**PROMPT:** Beginning with the first line of the entries below, quote each line until you reach and include the line with "Chilling With my".

**RECORDS SUPPLIED:**
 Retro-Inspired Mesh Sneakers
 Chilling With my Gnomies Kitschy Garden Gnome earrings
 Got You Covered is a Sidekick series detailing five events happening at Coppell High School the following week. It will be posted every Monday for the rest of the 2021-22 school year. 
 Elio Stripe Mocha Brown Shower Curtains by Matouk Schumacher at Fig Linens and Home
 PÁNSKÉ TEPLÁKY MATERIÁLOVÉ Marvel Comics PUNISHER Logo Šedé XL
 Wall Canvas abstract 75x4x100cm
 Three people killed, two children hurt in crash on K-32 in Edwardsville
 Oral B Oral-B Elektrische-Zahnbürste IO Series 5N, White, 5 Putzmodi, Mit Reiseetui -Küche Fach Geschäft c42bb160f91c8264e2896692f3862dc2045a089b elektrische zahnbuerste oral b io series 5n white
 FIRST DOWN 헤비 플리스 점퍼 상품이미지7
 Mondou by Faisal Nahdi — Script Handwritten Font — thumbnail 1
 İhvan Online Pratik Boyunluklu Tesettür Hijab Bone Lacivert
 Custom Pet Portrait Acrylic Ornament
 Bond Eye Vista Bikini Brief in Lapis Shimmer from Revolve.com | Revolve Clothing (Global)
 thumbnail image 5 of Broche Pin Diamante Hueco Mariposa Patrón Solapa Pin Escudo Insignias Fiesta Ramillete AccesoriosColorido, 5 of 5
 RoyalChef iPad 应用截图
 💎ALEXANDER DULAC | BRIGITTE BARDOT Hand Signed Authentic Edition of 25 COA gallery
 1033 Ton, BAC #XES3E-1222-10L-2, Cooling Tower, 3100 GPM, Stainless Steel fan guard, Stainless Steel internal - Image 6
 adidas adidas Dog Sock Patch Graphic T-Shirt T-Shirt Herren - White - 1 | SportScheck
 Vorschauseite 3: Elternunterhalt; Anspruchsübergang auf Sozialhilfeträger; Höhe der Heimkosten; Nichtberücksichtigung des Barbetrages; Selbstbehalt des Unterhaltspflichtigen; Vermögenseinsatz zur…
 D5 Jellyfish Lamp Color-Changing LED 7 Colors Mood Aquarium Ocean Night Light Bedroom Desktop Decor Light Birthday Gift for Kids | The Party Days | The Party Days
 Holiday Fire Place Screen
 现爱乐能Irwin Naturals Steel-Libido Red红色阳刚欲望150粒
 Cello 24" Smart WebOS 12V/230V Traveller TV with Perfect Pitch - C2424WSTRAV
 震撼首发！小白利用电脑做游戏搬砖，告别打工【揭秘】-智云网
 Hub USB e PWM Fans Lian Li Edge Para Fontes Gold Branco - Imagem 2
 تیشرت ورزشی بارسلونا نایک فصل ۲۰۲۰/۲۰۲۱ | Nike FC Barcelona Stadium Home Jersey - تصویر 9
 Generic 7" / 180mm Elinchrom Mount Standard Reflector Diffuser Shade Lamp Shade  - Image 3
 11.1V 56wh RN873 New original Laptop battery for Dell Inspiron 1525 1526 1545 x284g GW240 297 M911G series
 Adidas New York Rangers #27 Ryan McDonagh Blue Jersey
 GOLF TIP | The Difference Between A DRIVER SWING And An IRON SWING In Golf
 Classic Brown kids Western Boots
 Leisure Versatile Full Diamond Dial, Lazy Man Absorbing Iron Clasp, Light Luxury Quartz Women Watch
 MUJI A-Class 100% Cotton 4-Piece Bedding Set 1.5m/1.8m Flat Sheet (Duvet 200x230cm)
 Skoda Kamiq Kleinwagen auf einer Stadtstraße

**RESULT OF THE TASK:**
 Retro-Inspired Mesh Sneakers
 Chilling With my Gnomies Kitschy Garden Gnome earrings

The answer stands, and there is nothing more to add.